White-tailed deer


Title:  Here to Stay. How Do We Deal With Them?
Author(s): Karl V. Miller
Year: 2012
Abstract: Coyote populations have increased dramatically during the last decade in many areas of the southeastern United States. Because a growing body of evidence has indicated that coyotes are responsible for declines in recruitment in many areas, deer management prescriptions must be responsive to changing herd demographics. Although intensive coyote removal before and during fawn drop can increase fawn survival, trapping efforts likely are not a practical solution on most areas, and may not be warranted in others. Alternative strategies, such as providing abundant alternate prey, or increasing fawning cover, have been proposed to increase fawn survival, but the success of these strategies has not been demonstrated. Further, growing evidence of the behavioral plasticity of this predator, along with temporal and geographic variations in coyote density and impacts, clearly demonstrates the need for further research on coyote impacts as well as the importance of obtaining site-specific data on fawn recruitment rates.
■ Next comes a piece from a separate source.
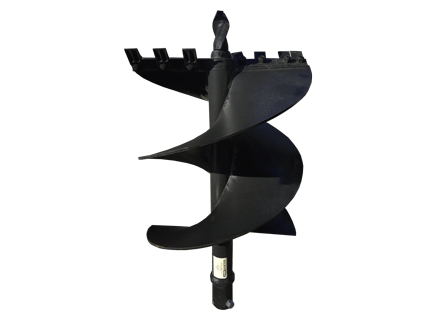 tj24b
In some areas, antlerless harvest prescriptions may need to be adjusted in response to observed recruitment rates and deer management objectives. Because low recruitment rates may reduce potential population growth rates, antlerless harvest prescriptions may become more conservative to prevent overharvest. Site-specific data from camera surveys, hunter observations, and lactation rates will become increasingly important to monitor changing recruitment rates and population trends as a basis for developing sound deer management prescriptions.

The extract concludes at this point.